** Material to process follows **
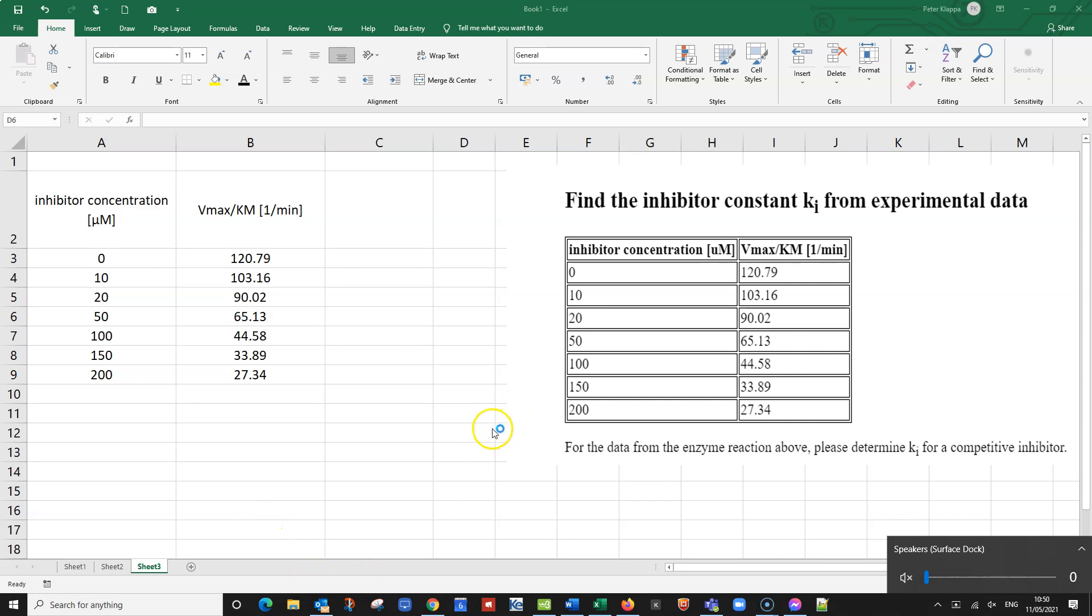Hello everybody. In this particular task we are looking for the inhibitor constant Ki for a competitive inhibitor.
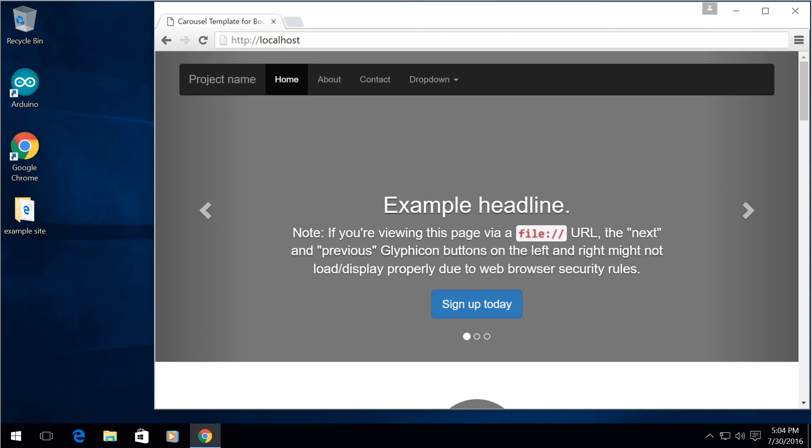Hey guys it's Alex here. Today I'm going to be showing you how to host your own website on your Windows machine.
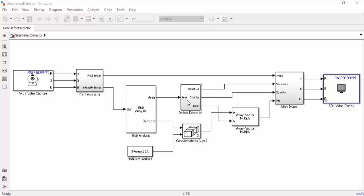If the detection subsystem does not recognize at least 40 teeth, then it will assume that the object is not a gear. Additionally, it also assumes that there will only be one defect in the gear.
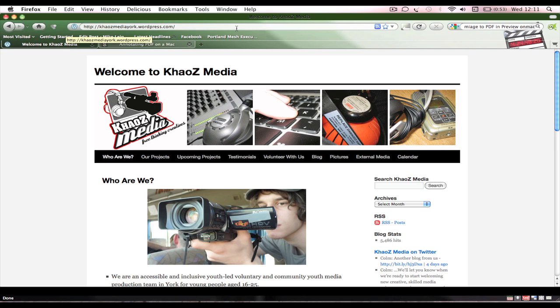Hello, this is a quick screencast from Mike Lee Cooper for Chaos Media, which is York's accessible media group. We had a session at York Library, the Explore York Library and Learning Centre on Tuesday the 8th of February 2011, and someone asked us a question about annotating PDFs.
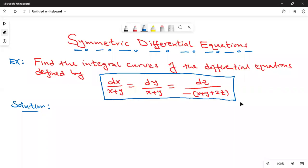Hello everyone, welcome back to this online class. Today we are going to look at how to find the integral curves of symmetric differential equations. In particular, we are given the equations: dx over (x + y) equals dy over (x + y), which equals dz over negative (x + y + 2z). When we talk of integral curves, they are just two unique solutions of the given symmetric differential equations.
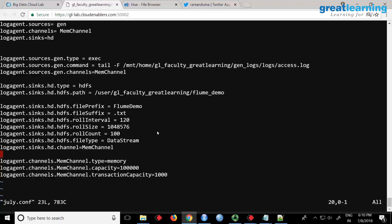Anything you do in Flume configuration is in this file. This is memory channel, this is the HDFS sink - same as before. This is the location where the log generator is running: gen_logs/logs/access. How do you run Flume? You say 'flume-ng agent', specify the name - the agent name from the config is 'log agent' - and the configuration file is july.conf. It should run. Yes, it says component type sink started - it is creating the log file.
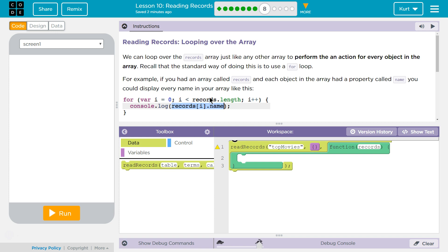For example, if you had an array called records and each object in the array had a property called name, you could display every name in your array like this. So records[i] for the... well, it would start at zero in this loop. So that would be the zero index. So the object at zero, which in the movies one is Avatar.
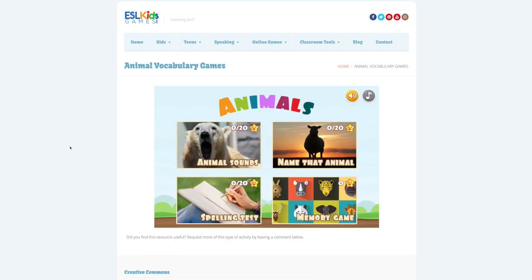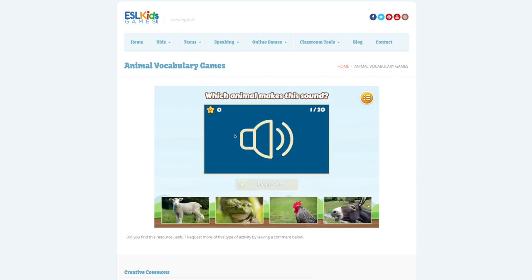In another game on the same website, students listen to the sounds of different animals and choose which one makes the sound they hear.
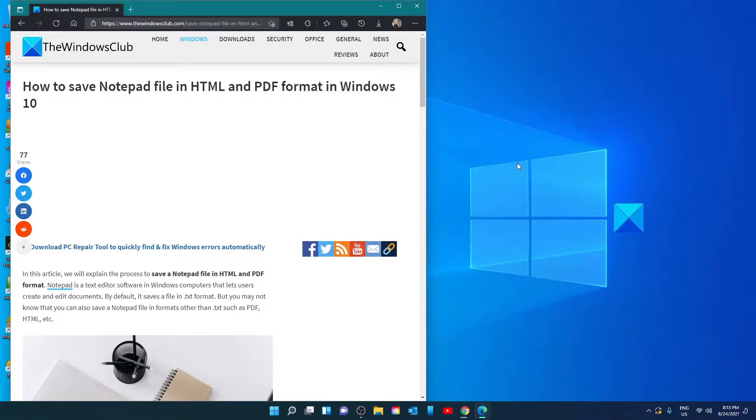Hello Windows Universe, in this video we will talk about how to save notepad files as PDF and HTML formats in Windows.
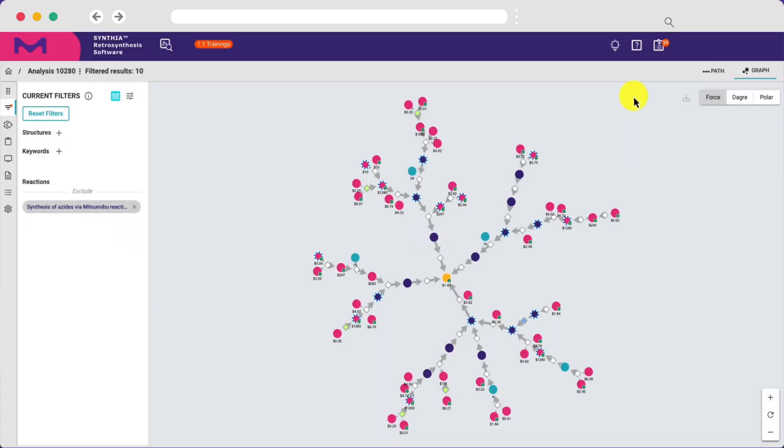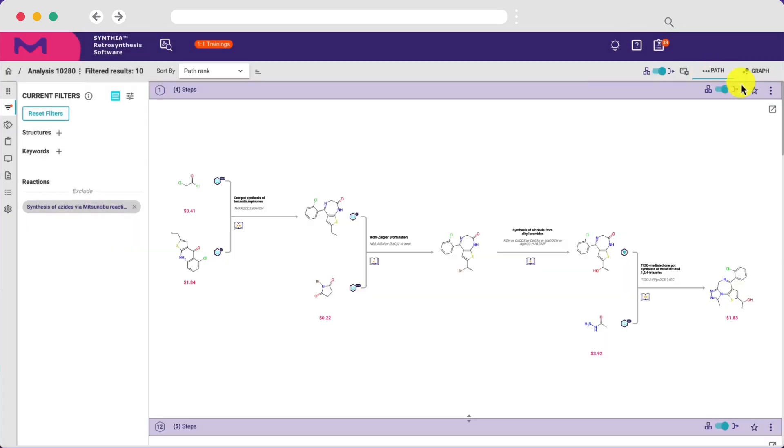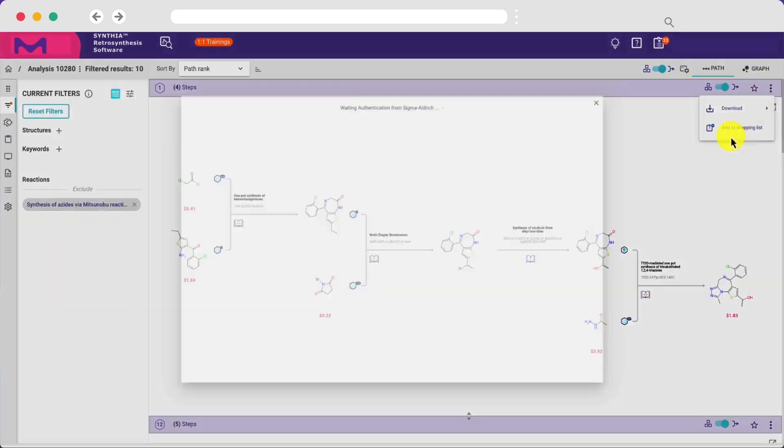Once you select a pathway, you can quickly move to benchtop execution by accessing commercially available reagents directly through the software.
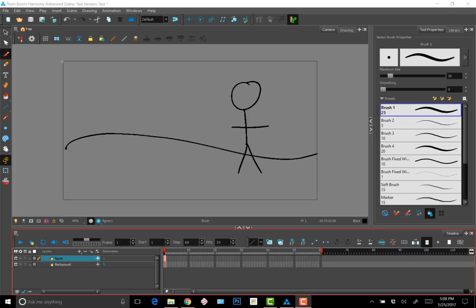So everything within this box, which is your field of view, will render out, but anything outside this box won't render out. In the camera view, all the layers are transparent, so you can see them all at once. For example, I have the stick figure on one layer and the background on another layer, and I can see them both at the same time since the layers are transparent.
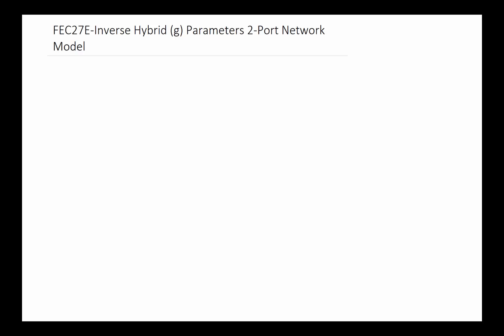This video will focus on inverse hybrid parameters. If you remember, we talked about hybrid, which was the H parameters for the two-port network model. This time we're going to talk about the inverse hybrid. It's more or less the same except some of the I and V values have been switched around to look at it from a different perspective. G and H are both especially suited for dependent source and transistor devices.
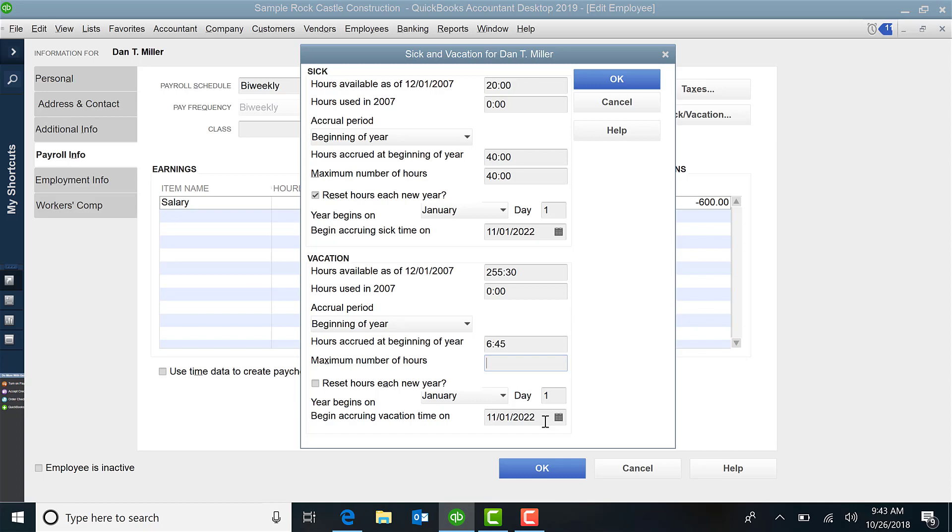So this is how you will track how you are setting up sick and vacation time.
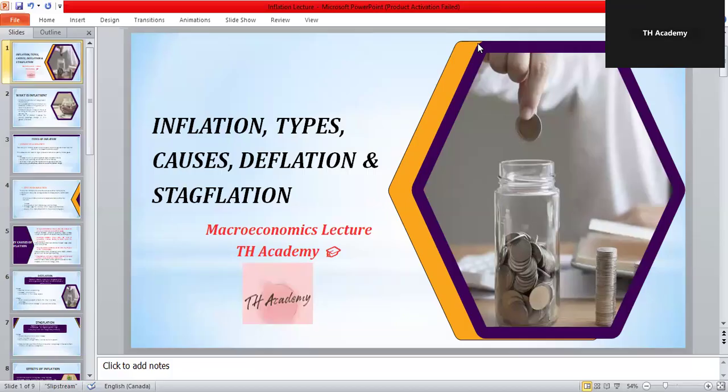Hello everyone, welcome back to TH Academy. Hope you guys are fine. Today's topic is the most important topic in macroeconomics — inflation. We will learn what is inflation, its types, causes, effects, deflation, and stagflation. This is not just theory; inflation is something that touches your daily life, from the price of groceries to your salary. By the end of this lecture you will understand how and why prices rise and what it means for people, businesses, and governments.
** End of Material to process **
What the task requires: Only the lines starting at the one that includes "Hello Windows Universe, in" and ending at the one that includes "Once you select" should be retyped, exactly, from the records above; no pictures.

Answer area:
Hello Windows Universe, in this video we will talk about how to save notepad files as PDF and HTML formats in Windows.
Once you select a pathway, you can quickly move to benchtop execution by accessing commercially available reagents directly through the software.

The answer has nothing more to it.